As I was headed to Brookhaven the other day to do my radio show, I was listening to the station and as the anchor was either coming out of a break or into a break, his bumper music really bothered me. It was a song by Jelly Roll, yea don’t look him up, I did and was not impressed. But back to the part of the song that the talk show host used, it went like this: I only talk to God when I need a favor / And I only pray when I ain't got a prayer / So, who the hell am I, who the hell am I / To expect a Savior o-o-oh / If I only talk to God when I need a favor / But God I need a favor / Amen... Amen,"

Wow. But truth be told that describes a lot of us when it comes to our relationship with God. We would do well to remember this spiritual truth from God’s word. In fact, it is our scripture text this morning and it come from Matthew 7:21-23. Again, we will look at the Gospel of Matthew 7:21-23, and I hope you notice that this is Jesus talking here. Again, our text comes from Matthew 7:21-23, here is what we read:

(slide 3) “Not everyone who says to Me, ‘Lord, Lord,’ shall enter the kingdom of heaven, but he who does the will of My Father in heaven. 22 Many will say to Me in that day, ‘Lord, Lord, have we not prophesied in Your name, cast out demons in Your name, and done many wonders in Your name?’ 23 And then I will declare to them, ‘I never knew you; depart from Me, you who practice lawlessness!’

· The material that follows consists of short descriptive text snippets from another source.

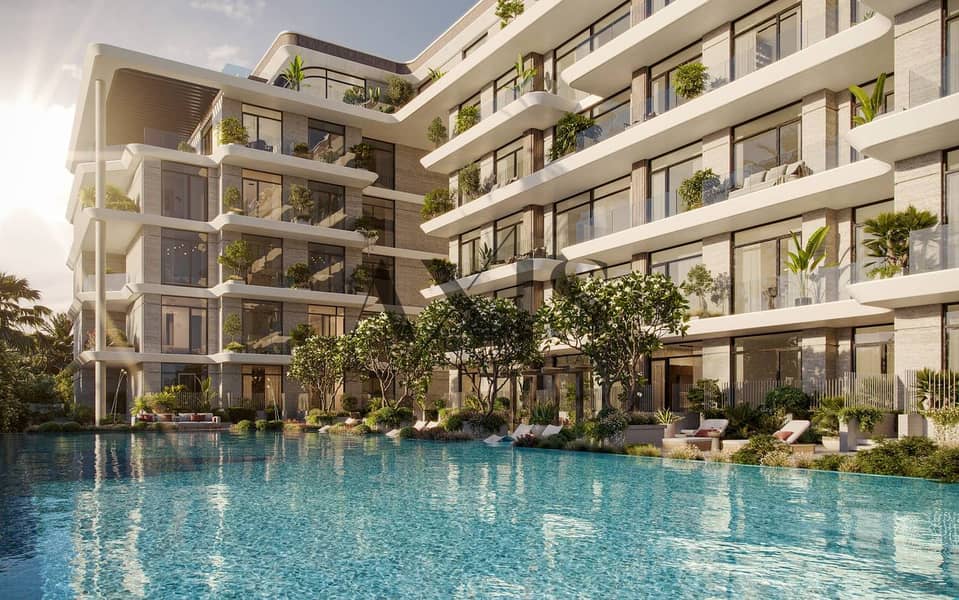 Premium Apartments | Smart Home | High ROI - Image 7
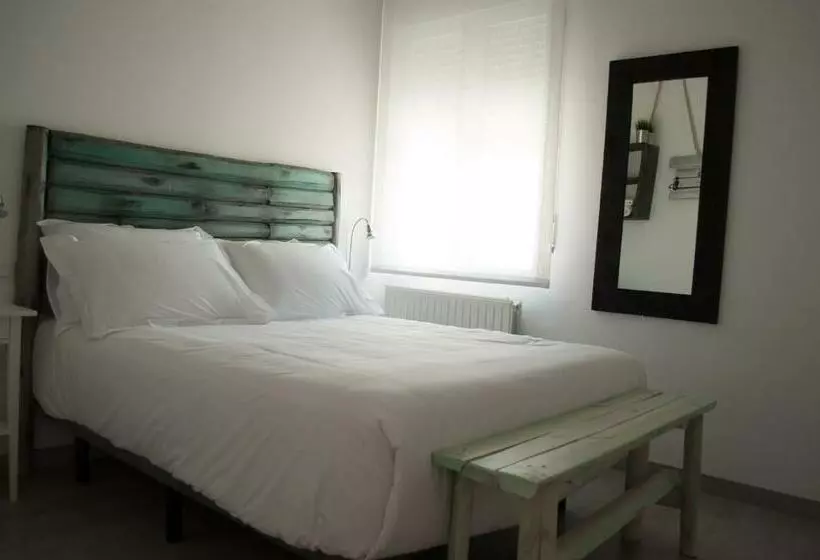 Pension Hostal Gargal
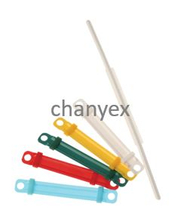 Plastic Paper Fasteners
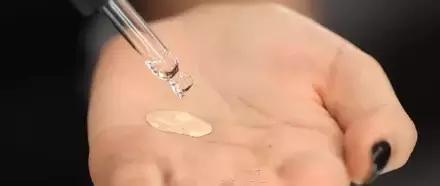 粉底太干了咋办,粉底高级感干皮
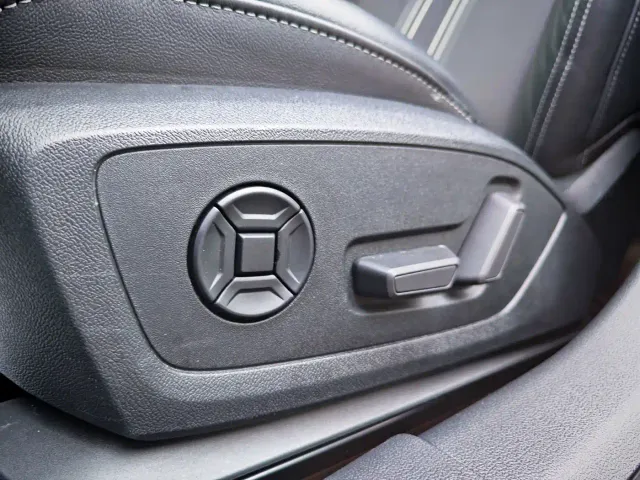 Audi A3 — Фото автомобиля 13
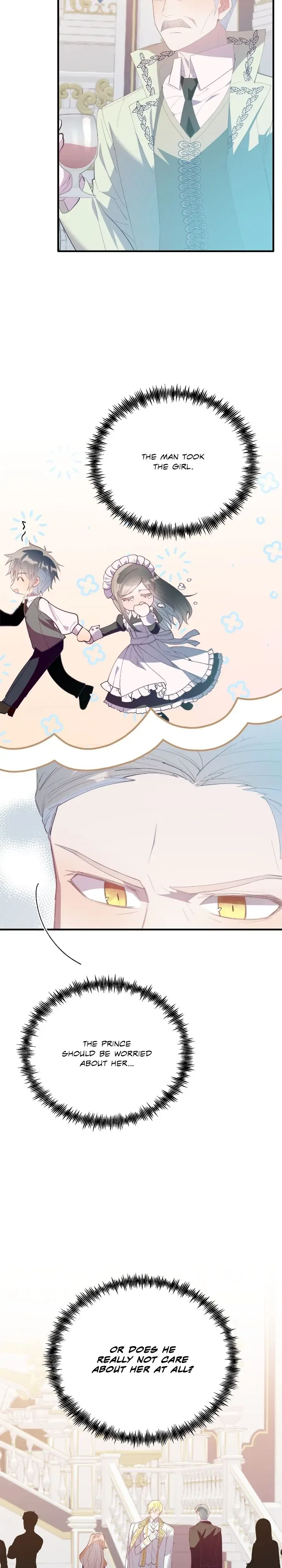 Crowning My Feral Prince Chapter 86 – Page 26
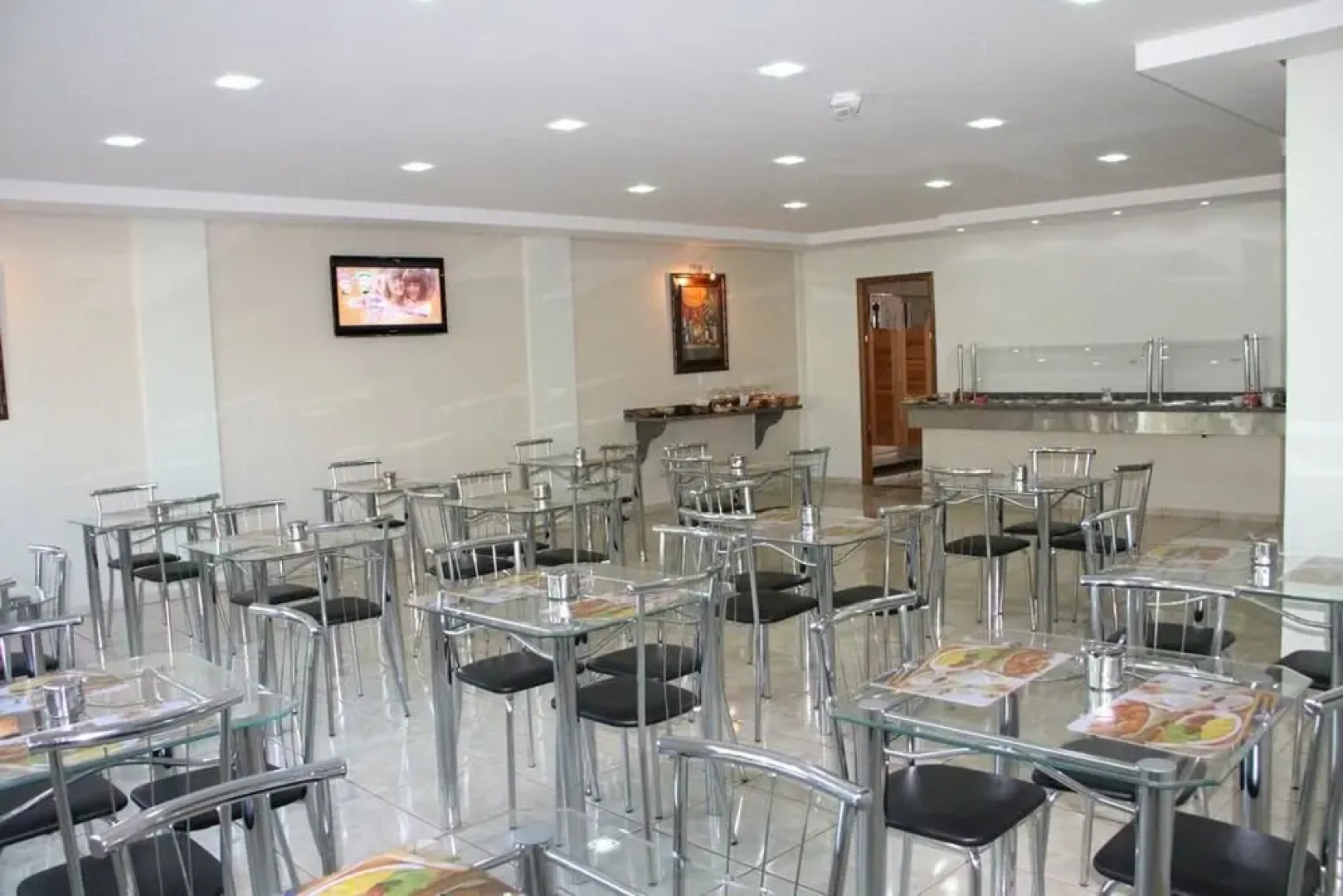 Hotel Soldera Inn
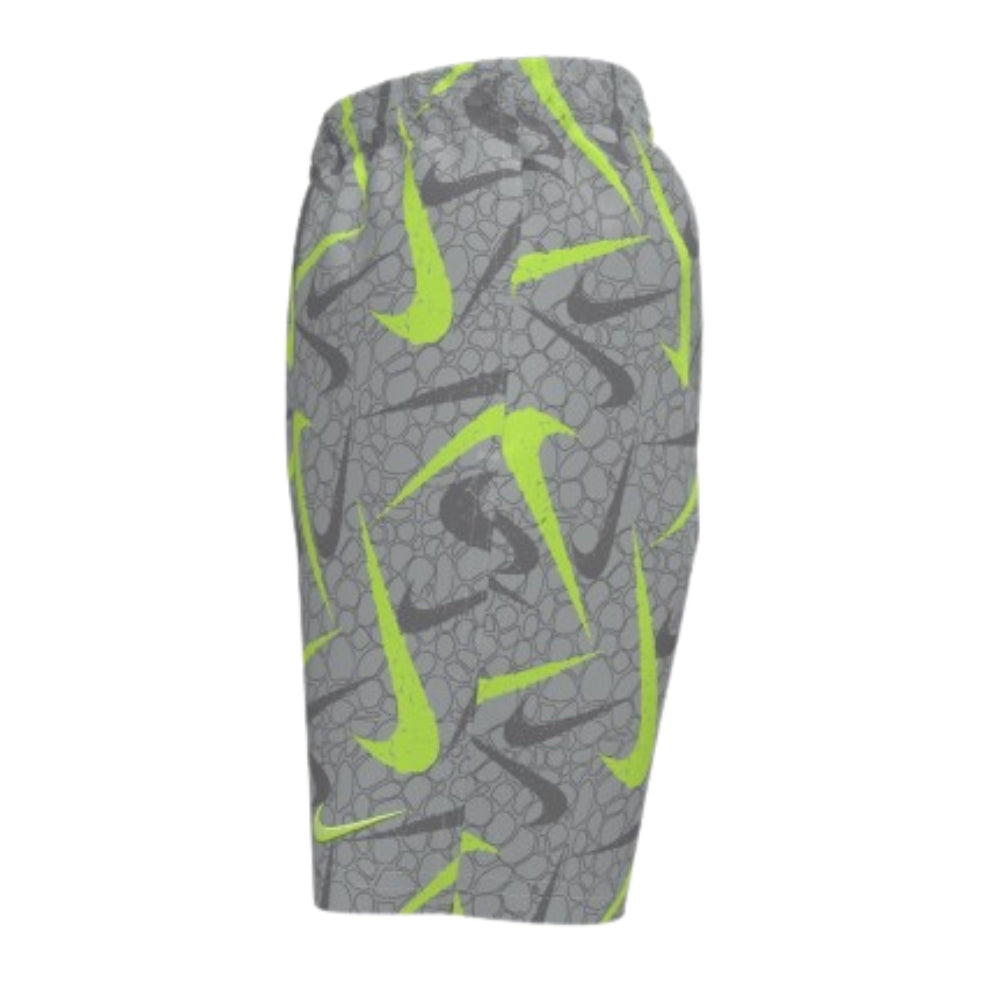 Nike Swim Breaker Pebble Boys' 7" Volley Short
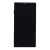 Lcd With Touch Screen For Lyf Water 10 White By - Maxbhi Com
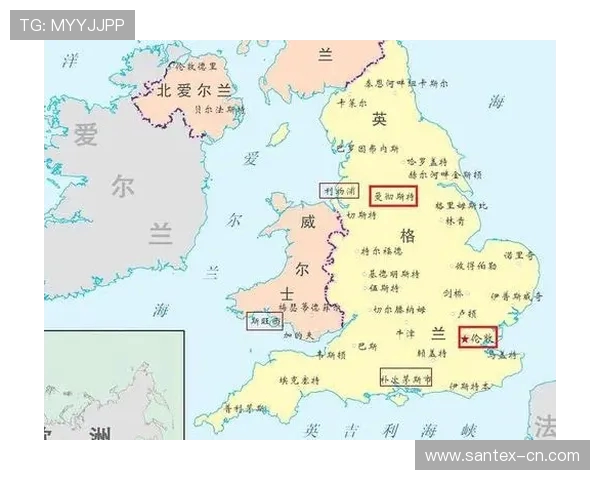英超2020球队主场城市布局解读英超球队的地理联盟 .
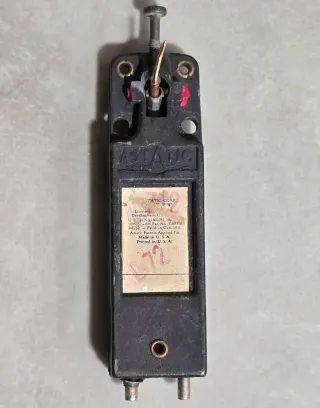 Cápsula Aguja Tocadiscos Stereo A elegir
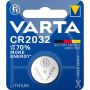 Rafhlaða CR2032 Varta 3V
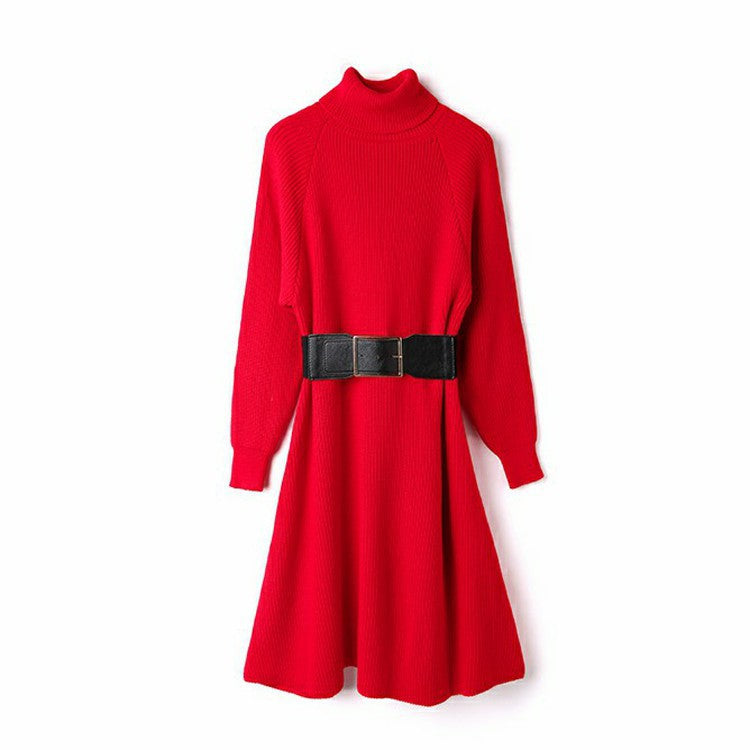 The Vera Chucky Sweater Dress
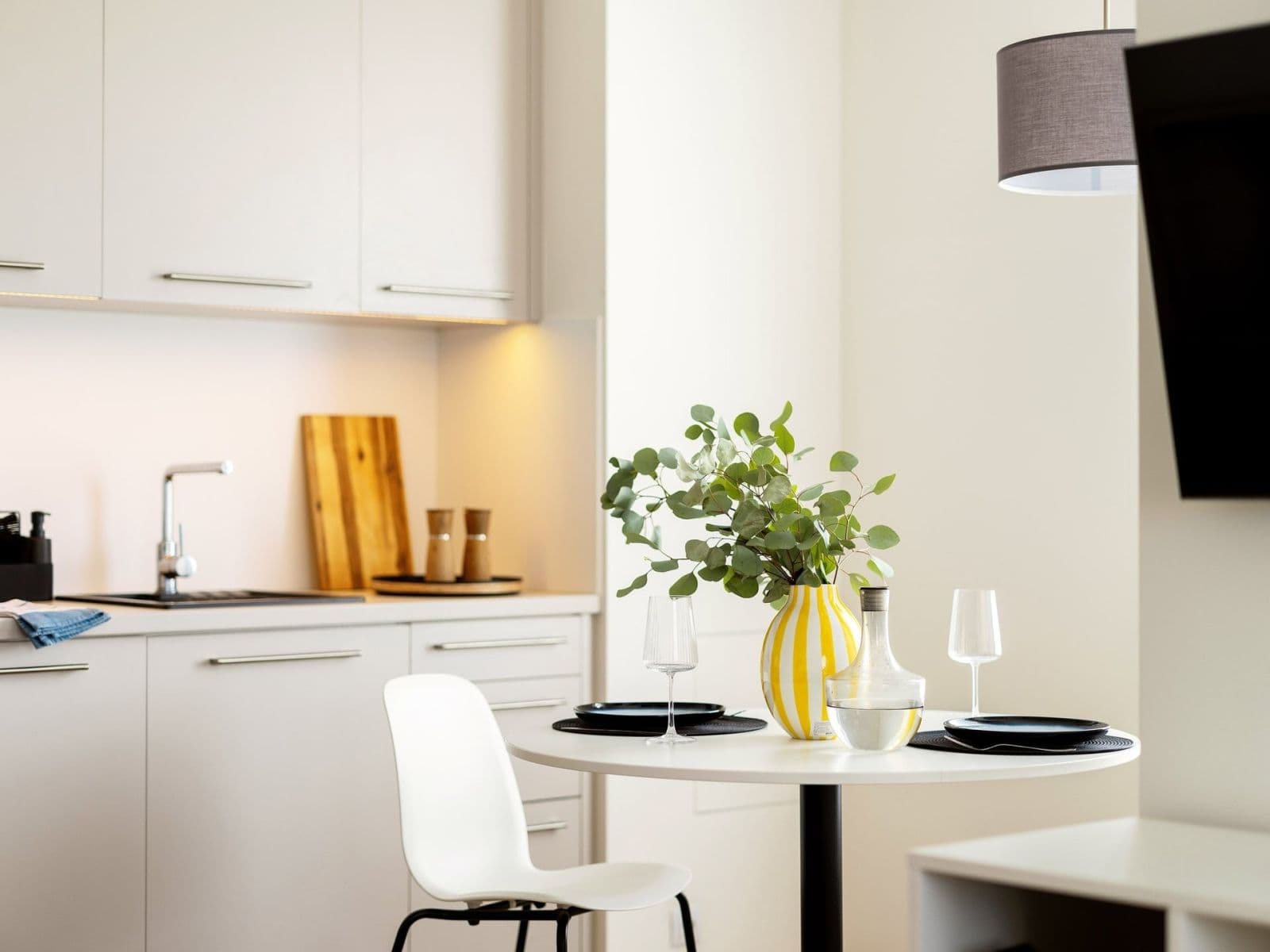 Pronájem bytu 2+kk 61 m², Františka Kováříka, Plzeň, Plzeňský kraj Pronájem bytu 2+kk 61 m², Františka Kováříka, Plzeň, Plzeňský kraj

I wonder if you have ever had anyone ask you something like this? Do you want the good news or the bad news first?

Today I am going to make that decision for you. First, the bad news.

You and I and every last human being on this earth are damaged goods. We’re bent out of shape by sin. We’re guilty of everything from minor missteps to major crimes.

We’re in desperate need of forgiveness and a fresh start. But that’s not the half of it. The bad news keeps coming. Selfishness, injustice, hatred, indifference, violence and more are all around us.

It all cracks the foundations of our society and sadly it even sets us against each other and that includes right here in the church. And if you don’t believe that then why are there church splits, how many people do you know that are no longer here because they got mad about something or mad at someone. The entire earth suffers under the weight of our greed and pride and wars.

And we haven’t even begun to talk about the spiritual forces of evil—principalities and powers, the ones who oppose everything good. So, the problem is bigger than your sinfulness or mine. It is so much bigger. And if we look at it all long and hard, it can seem hopeless.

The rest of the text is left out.